Who has been creating this fictional scenario of plastic bags clogging our drains, polluting our rivers, strangling our wildlife, dirtying our beaches and getting into our food chain, fooling people into believing that plastic shopping bags are evil and paying 50 cents into the government's coffers if you want to use one?

I have always wondered why some people are reluctant to face the fact that using used plastic shopping bags as bin liner substitutes is environmentally friendly.

But how can people throw away their domestic waste hygienically without the use of plastic bags?

People who carry their own bags would still need to buy plastic bin liners for waste disposal but in so doing the bin liners used will simply replace the plastic supermarket shopping bags saved. The former serves one single purpose while the latter serves at least two. So, why treat plastic bin liners (levy free) and supermarket shopping bags (to be levied) differently when both are used for the same purpose?

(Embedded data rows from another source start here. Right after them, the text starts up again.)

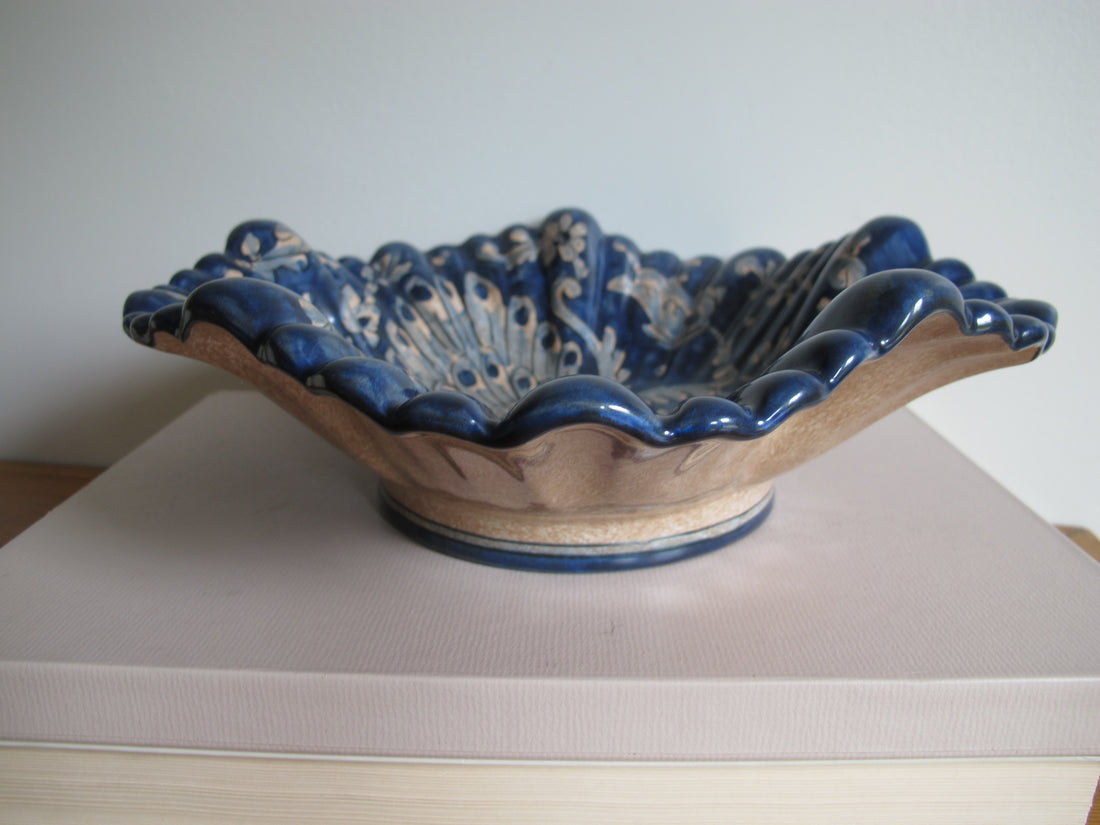 Vintage Biagioli Scalloped Bowl Gubbio Italy Blue & White Studio Pottery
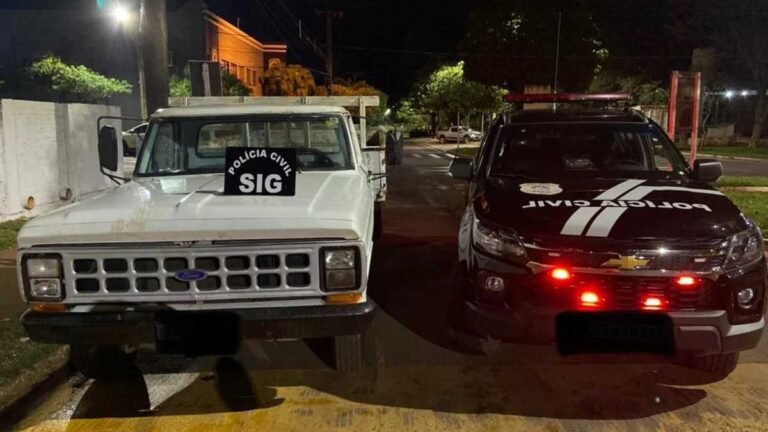 Caminhão e Camionete F4000 tomados em assalto é recuperada e policia autua suspeitos em flagrante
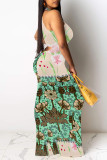 Green Casual Floral Print Contrast O Neck Long Dresses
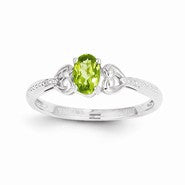 10k White Gold Peridot Diamond Ring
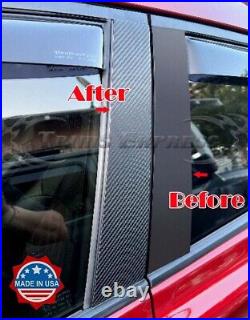 Fit 2004-2008 Acura TSX Stainless Pillar Post Trim Cover Carbon Fiber Black 6Pc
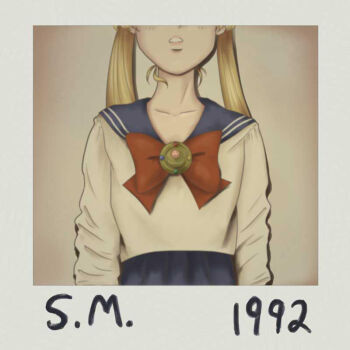 1992 1girl album_cover_redraw bishoujo_senshi_sailor_moon blonde_hair blue_skirt bow bowtie derivative_work diha-artwork english_text long_hair music open_mouth parody photo_(object) polaroid_photo red_bow red_bowtie school_uniform serafuku shirt simple_background skirt smile solo standing taylor_swift tsukino_usagi white_shirt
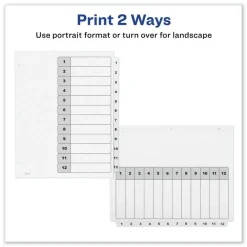 Avery Ready Index 11 in. x 8.5 in. 12-Tab Customizable TOC 1 to 12 Tab Dividers - Black/White (1-Set)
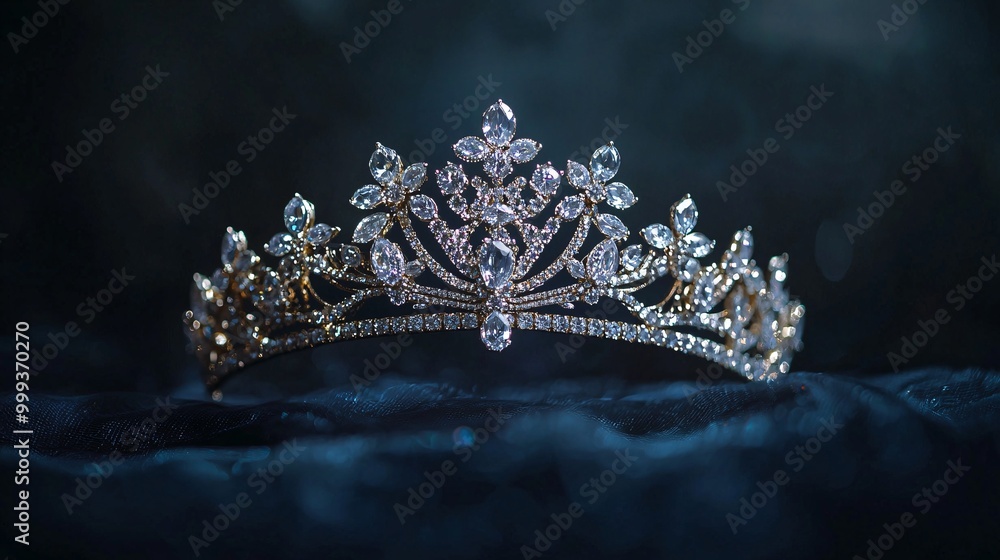 A luminous crown embellished with sparkling gems shines against a shadowy backdrop, embodying sophistication and opulence in exquisite detail. A luminous crown embellished with sparkling gems shines against a shadowy backdrop, embodying sophistication and opulence in exquisite detail.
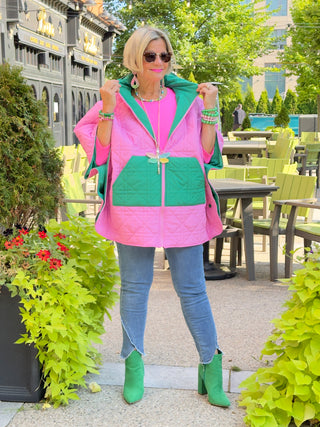 PINK AND GREEN FULL ZIPPER JACKET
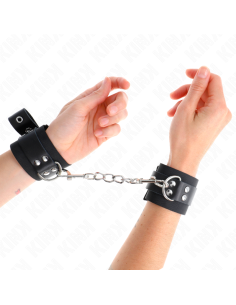 KINK - NYLON WRIST RESTRAINTS BLACK WITH LEATHER BELT BLACK ADJUSTABLE 19-29 CM X 5.1 CM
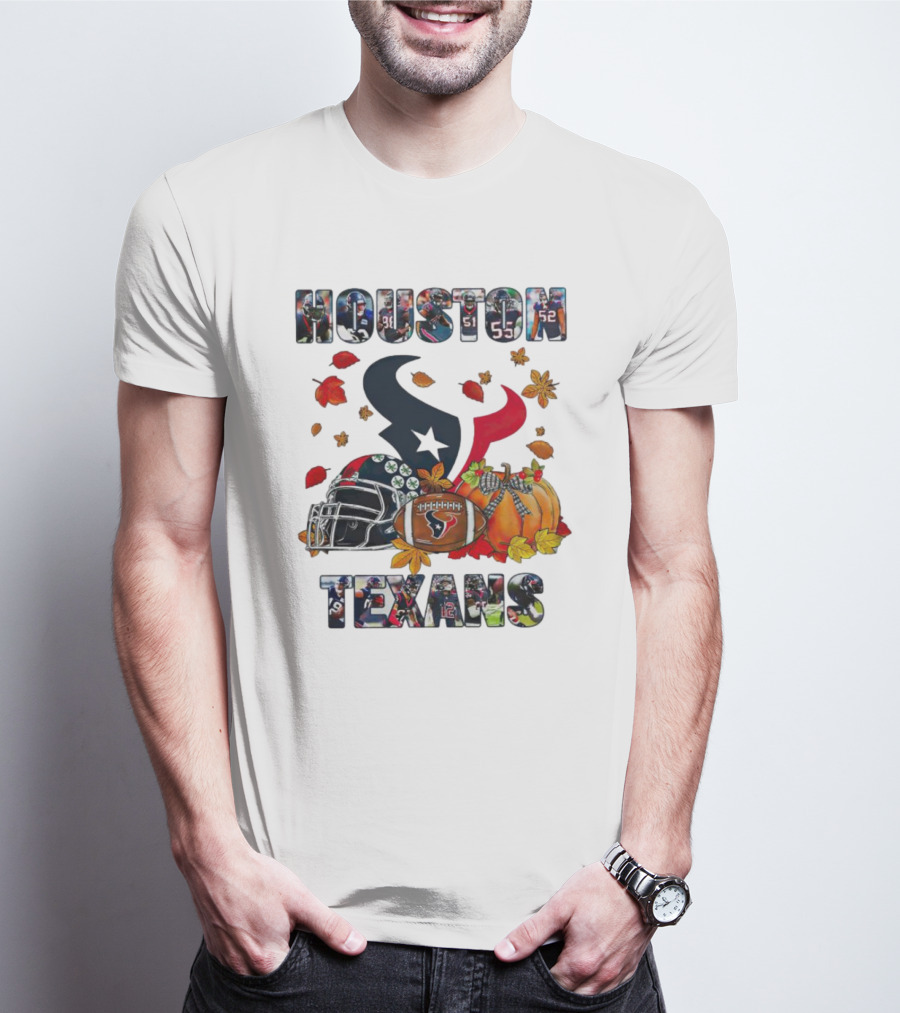 Houston Texans Football Helmet Pumpkin Autumn Leaves T-Shirt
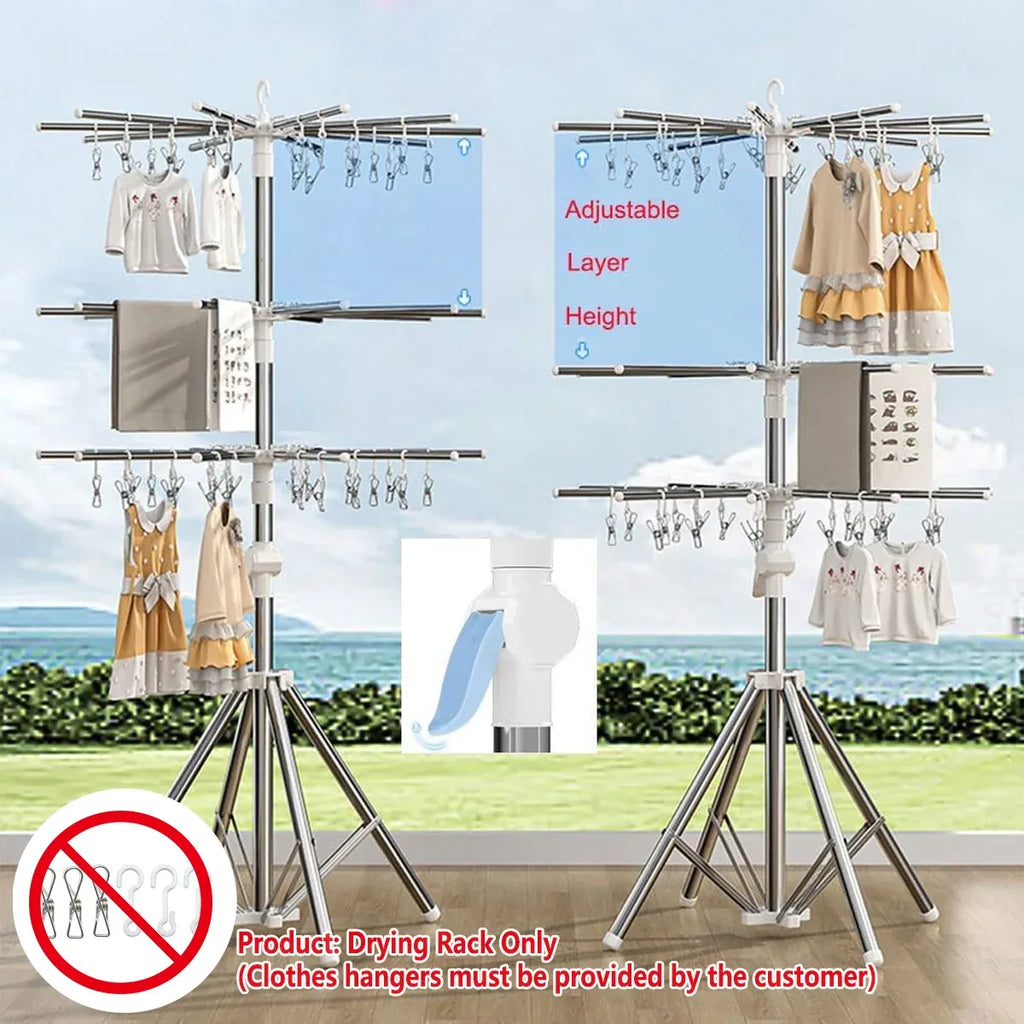 Folding Drying Rack Floor Stand Multi Functional Clothes Laundry Hanger Indoor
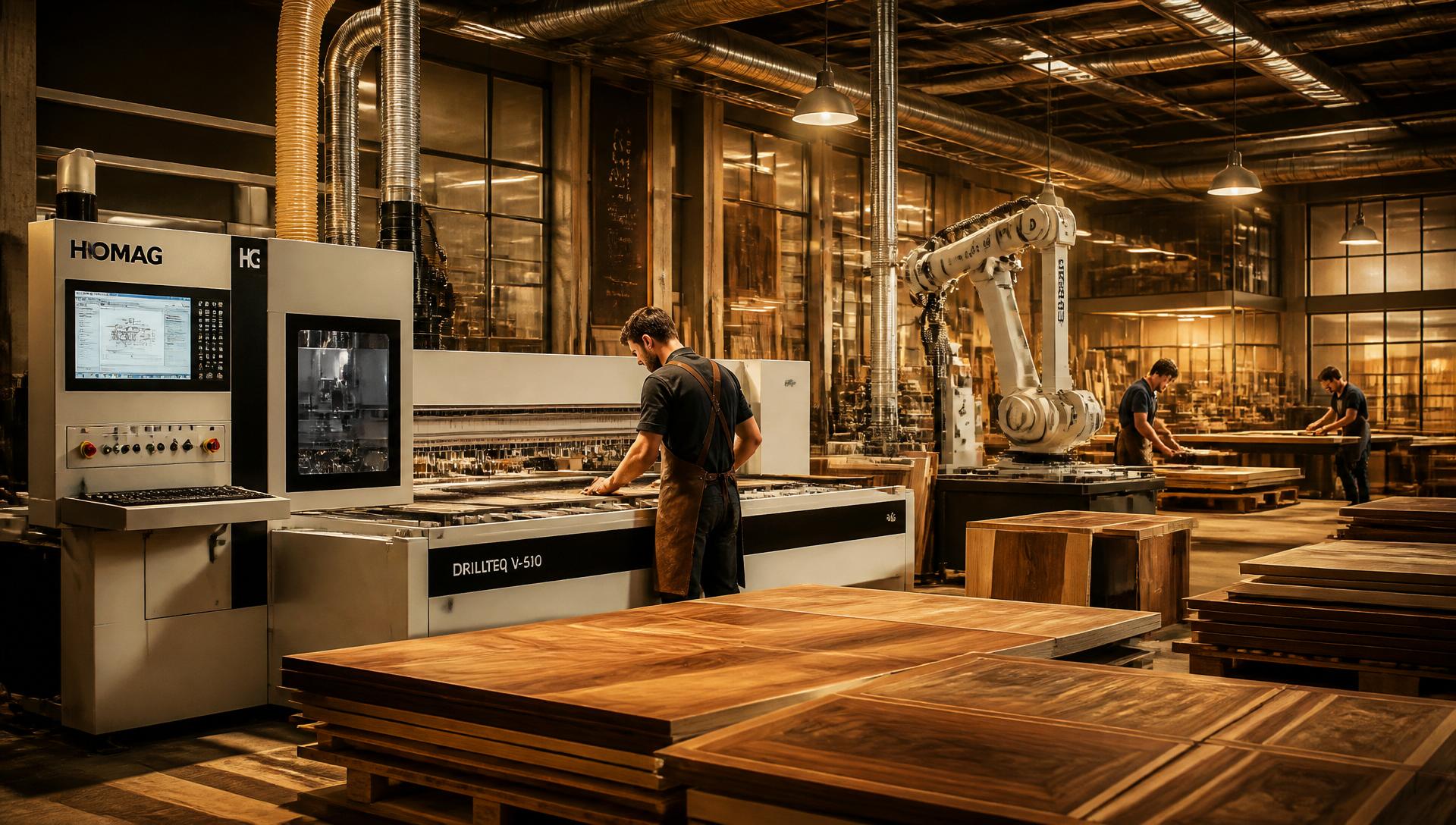 FORRE manufacturing floor with HOMAG CNC machinery and robotic finishing arm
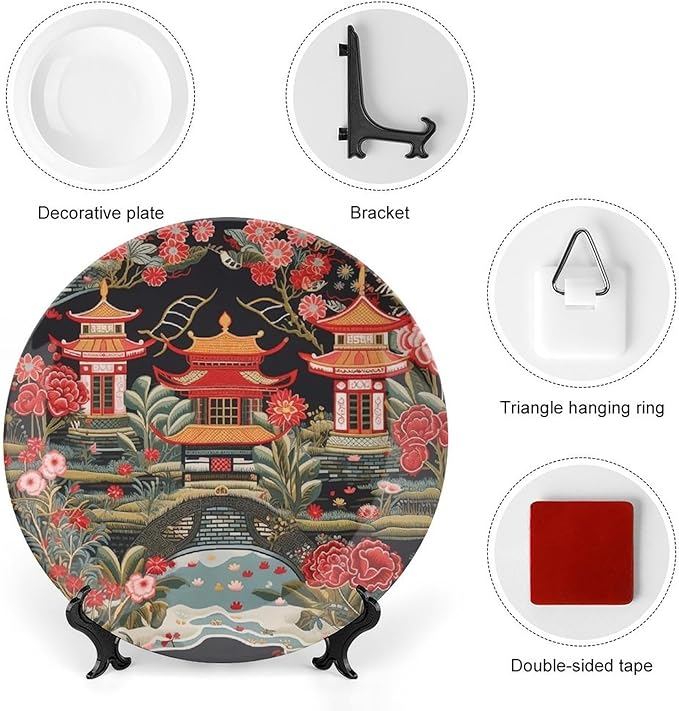Chinoiserie Charcoal Coral Pagoda Asian Decorative Plate of 6", 7", 9", 10", Custom Oriental Chinoiserie Porcelain Dessert Plate Set, Club Housewarming Gifts Decorations Table, with 1 Display Stand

Still, many think it is nice to implement the levy so that everyone will bring their own bags and keep using plastic bin liners. Is that what people who show 'care for the environment' should do?

The Environmental Protection Department (EPD) accuses people of abusing supermarket carrier bags but fails to give a proper definition of what constitutes an abuse. Using inflated figures that it cannot justify, the EPD alleges that the city has been excessively using supermarket carrier bags, fooling people into believing a levy is needed.

Clearly, it isn't the 50 cent levy that critics are bothering about. It is the principle behind its legislation.